Ontem, remexendo nuns guardados, achei a antiga aliança de casamento que minha avó usava. Enquanto coloquei-a no dedo e oscilava entre a saudade e a conformidade, me veio uma lembrança súbita de uma dia comum, mais um de tantos que tivemos conversando do nada...
Ela estava em seu quarto, remexendo em seus guardados e pegou uma caixinha de madeira e começou a retirar de lá umas joias. A cada peça uma história e eu embarcando na dela achando o máximo saber um pouquinho da vida dela nunca sabida! Quando chegou na aliança, ela me mostrou, óbvio, sem muitas explicações - até porque não necessita explicar de onde vinha e a história da aliança - colocou no dedo, ficou um tempinho olhando em silêncio e depois me deu, automaticamente. Eu, toda toda, coloquei no meu dedo e fiquei imaginando como seria a minha. Ai, perguntei: "-vó, porque você não usa mais?" Ela me olhou com aquele olhar meigo e cara de quem ia me dar uma grande lição - e deu - fez uma pausa e disparou: "-Casamento a gente guarda aqui (apontou para a cabeça) e aqui (apontou para o coração)."

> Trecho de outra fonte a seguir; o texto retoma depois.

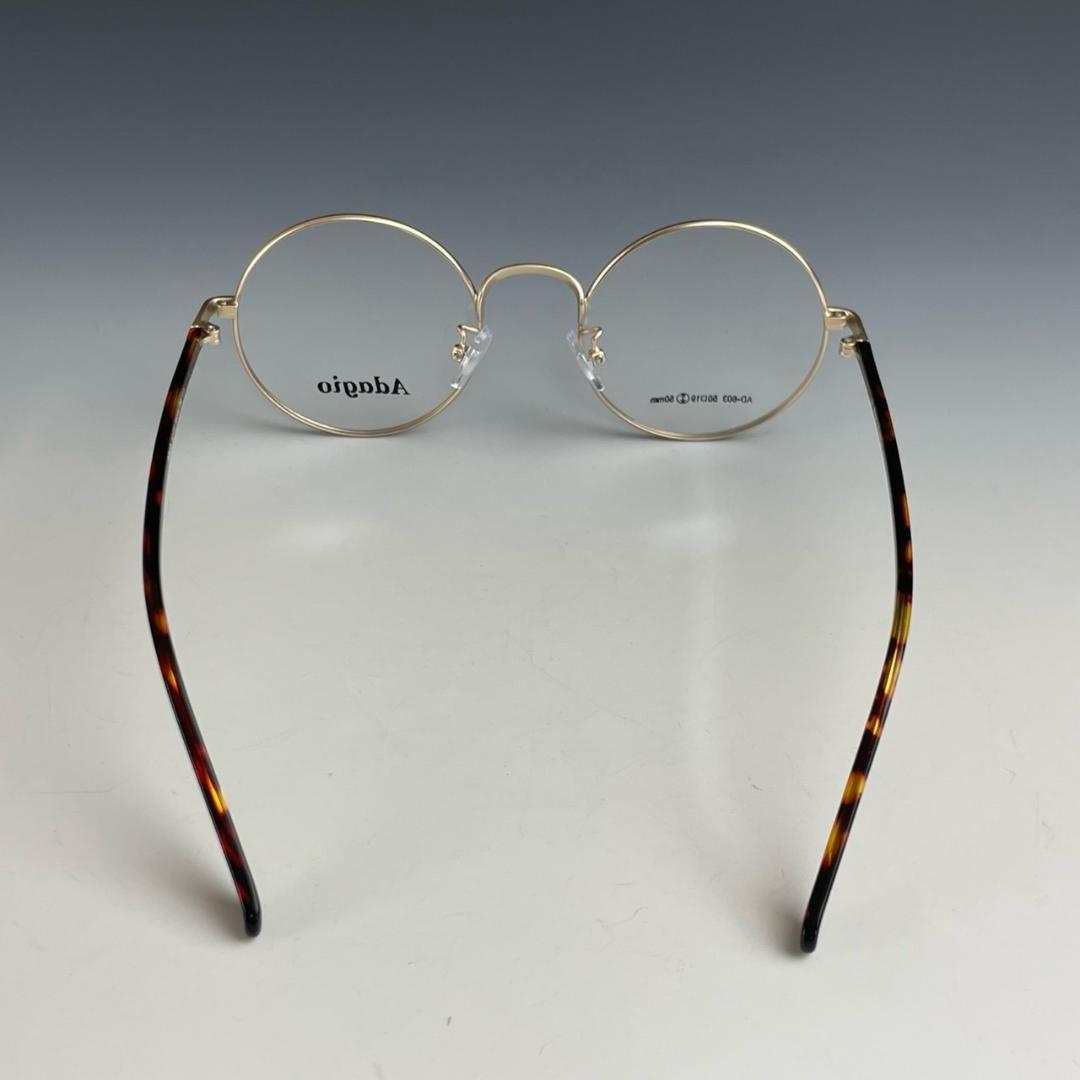 新品 ヴィンテージ ラウンド 丸眼鏡 ほぼ真円 ブラウンデミ (レンズ付き無料)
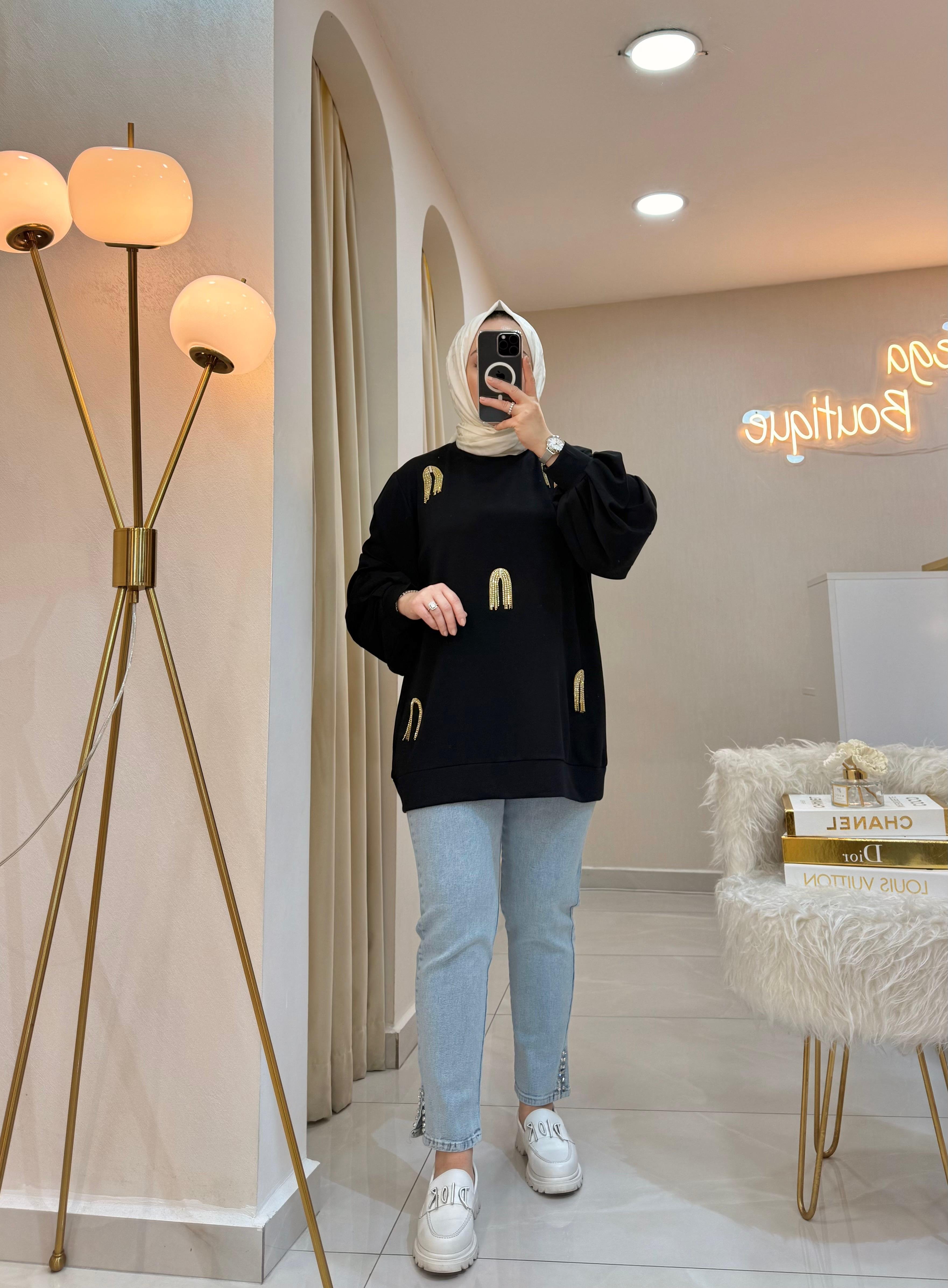 Püskül Taşlı Balon Kol Sweat Siyah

Na hora passou. Aliás passou foi tempo, pois só nos últimos dias e que já deve fazer uns 6 anos dessa conversa que eu fui me lembrar dela e parar para pensar no que me foi dito. Será que ela quis dizer que um casamento, mesmo desfeito, porque ela era viúva, guarda-se sempre na lembrança e no coração e que a aliança não passava de mera simbologia? Ou será que ela quis dizer que para se ter um casamento feliz e de sucesso é necessário agir com a cabeça e com o coração? Pensei ainda na hipótese dela ter, implicitamente me dito, através dos sinais, que tem coisas que a cabeça esquece e o coração não. Mas é preciso ter coração para sobrepor as armadilhas que a mente nos prega. Conhecendo a minha avó como eu, ela também poderia ter me atentado para o fato de que num casamento, emoção e razão devem andar juntas, porque se uma falar mais alto que a outra, a coisa desanda que nem ponto de doce quando estraga. Apesar da sua criação e da sua idade avançada, não era uma pessoa antiquada e muito menos conservadora, acompanhava a evolução dos tempos, das relações e da mentalidade humana. Visto por esse lado, ela poderia ter querido me dizer por exemplo, "ame, mas não se esqueça de você". Ou, o que eu mais acho a sua cara, "amor não é sinônimo de burrice". Pois minha avó tinha uma intolerância impressionante apesar da sua paciência com pessoas que ela considerava burra ou que cometessem burrices.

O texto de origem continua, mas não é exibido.